# About this task:
Give back every line of the data, word for word.

:: Records for processing

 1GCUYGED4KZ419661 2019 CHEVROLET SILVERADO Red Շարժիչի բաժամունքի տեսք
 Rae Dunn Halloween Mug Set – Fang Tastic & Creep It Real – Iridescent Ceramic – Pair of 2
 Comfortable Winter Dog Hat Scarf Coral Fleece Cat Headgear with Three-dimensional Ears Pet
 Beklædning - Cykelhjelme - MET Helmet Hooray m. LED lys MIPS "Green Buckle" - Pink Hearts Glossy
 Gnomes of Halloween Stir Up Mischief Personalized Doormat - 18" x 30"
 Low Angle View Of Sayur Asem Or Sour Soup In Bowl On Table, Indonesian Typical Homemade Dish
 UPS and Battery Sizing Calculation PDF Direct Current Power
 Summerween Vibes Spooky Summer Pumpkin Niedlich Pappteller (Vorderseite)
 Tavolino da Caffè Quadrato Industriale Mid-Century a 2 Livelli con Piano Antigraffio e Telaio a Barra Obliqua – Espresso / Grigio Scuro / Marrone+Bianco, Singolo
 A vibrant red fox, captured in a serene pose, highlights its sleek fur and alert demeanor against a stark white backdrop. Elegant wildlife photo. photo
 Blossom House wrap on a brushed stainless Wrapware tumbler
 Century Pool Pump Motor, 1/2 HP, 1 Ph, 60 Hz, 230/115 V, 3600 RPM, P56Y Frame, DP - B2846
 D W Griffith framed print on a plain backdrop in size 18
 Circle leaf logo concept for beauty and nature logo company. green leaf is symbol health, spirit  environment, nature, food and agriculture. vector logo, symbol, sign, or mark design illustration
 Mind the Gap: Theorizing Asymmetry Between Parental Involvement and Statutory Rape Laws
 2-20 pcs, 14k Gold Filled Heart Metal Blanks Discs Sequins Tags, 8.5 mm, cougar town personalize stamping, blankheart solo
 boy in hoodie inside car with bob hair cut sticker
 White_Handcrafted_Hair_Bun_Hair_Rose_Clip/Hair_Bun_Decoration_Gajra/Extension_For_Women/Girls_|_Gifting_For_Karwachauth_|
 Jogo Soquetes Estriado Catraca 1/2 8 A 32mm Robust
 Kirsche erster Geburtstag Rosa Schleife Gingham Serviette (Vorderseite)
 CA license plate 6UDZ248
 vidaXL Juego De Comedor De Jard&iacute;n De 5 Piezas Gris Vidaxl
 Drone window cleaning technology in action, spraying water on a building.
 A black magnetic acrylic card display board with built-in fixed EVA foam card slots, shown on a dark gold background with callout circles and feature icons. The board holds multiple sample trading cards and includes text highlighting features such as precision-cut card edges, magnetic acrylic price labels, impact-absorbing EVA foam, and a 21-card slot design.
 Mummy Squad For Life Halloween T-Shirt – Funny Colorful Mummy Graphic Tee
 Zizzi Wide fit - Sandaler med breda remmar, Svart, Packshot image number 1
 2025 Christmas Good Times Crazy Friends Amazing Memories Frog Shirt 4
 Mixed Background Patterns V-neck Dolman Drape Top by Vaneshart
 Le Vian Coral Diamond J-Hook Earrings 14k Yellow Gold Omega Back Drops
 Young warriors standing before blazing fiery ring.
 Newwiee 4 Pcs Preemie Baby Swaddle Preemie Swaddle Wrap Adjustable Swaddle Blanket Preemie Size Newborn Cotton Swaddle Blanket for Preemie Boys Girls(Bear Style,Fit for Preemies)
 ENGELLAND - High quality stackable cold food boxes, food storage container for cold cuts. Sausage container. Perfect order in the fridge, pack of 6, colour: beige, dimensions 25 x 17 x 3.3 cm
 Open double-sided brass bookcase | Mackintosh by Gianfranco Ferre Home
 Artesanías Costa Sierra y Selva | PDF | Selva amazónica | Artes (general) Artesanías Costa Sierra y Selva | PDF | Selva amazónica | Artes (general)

::::

# Finished task:
 1GCUYGED4KZ419661 2019 CHEVROLET SILVERADO Red Շարժիչի բաժամունքի տեսք
 Rae Dunn Halloween Mug Set – Fang Tastic & Creep It Real – Iridescent Ceramic – Pair of 2
 Comfortable Winter Dog Hat Scarf Coral Fleece Cat Headgear with Three-dimensional Ears Pet
 Beklædning - Cykelhjelme - MET Helmet Hooray m. LED lys MIPS "Green Buckle" - Pink Hearts Glossy
 Gnomes of Halloween Stir Up Mischief Personalized Doormat - 18" x 30"
 Low Angle View Of Sayur Asem Or Sour Soup In Bowl On Table, Indonesian Typical Homemade Dish
 UPS and Battery Sizing Calculation PDF Direct Current Power
 Summerween Vibes Spooky Summer Pumpkin Niedlich Pappteller (Vorderseite)
 Tavolino da Caffè Quadrato Industriale Mid-Century a 2 Livelli con Piano Antigraffio e Telaio a Barra Obliqua – Espresso / Grigio Scuro / Marrone+Bianco, Singolo
 A vibrant red fox, captured in a serene pose, highlights its sleek fur and alert demeanor against a stark white backdrop. Elegant wildlife photo. photo
 Blossom House wrap on a brushed stainless Wrapware tumbler
 Century Pool Pump Motor, 1/2 HP, 1 Ph, 60 Hz, 230/115 V, 3600 RPM, P56Y Frame, DP - B2846
 D W Griffith framed print on a plain backdrop in size 18
 Circle leaf logo concept for beauty and nature logo company. green leaf is symbol health, spirit  environment, nature, food and agriculture. vector logo, symbol, sign, or mark design illustration
 Mind the Gap: Theorizing Asymmetry Between Parental Involvement and Statutory Rape Laws
 2-20 pcs, 14k Gold Filled Heart Metal Blanks Discs Sequins Tags, 8.5 mm, cougar town personalize stamping, blankheart solo
 boy in hoodie inside car with bob hair cut sticker
 White_Handcrafted_Hair_Bun_Hair_Rose_Clip/Hair_Bun_Decoration_Gajra/Extension_For_Women/Girls_|_Gifting_For_Karwachauth_|
 Jogo Soquetes Estriado Catraca 1/2 8 A 32mm Robust
 Kirsche erster Geburtstag Rosa Schleife Gingham Serviette (Vorderseite)
 CA license plate 6UDZ248
 vidaXL Juego De Comedor De Jard&iacute;n De 5 Piezas Gris Vidaxl
 Drone window cleaning technology in action, spraying water on a building.
 A black magnetic acrylic card display board with built-in fixed EVA foam card slots, shown on a dark gold background with callout circles and feature icons. The board holds multiple sample trading cards and includes text highlighting features such as precision-cut card edges, magnetic acrylic price labels, impact-absorbing EVA foam, and a 21-card slot design.
 Mummy Squad For Life Halloween T-Shirt – Funny Colorful Mummy Graphic Tee
 Zizzi Wide fit - Sandaler med breda remmar, Svart, Packshot image number 1
 2025 Christmas Good Times Crazy Friends Amazing Memories Frog Shirt 4
 Mixed Background Patterns V-neck Dolman Drape Top by Vaneshart
 Le Vian Coral Diamond J-Hook Earrings 14k Yellow Gold Omega Back Drops
 Young warriors standing before blazing fiery ring.
 Newwiee 4 Pcs Preemie Baby Swaddle Preemie Swaddle Wrap Adjustable Swaddle Blanket Preemie Size Newborn Cotton Swaddle Blanket for Preemie Boys Girls(Bear Style,Fit for Preemies)
 ENGELLAND - High quality stackable cold food boxes, food storage container for cold cuts. Sausage container. Perfect order in the fridge, pack of 6, colour: beige, dimensions 25 x 17 x 3.3 cm
 Open double-sided brass bookcase | Mackintosh by Gianfranco Ferre Home
 Artesanías Costa Sierra y Selva | PDF | Selva amazónica | Artes (general) Artesanías Costa Sierra y Selva | PDF | Selva amazónica | Artes (general)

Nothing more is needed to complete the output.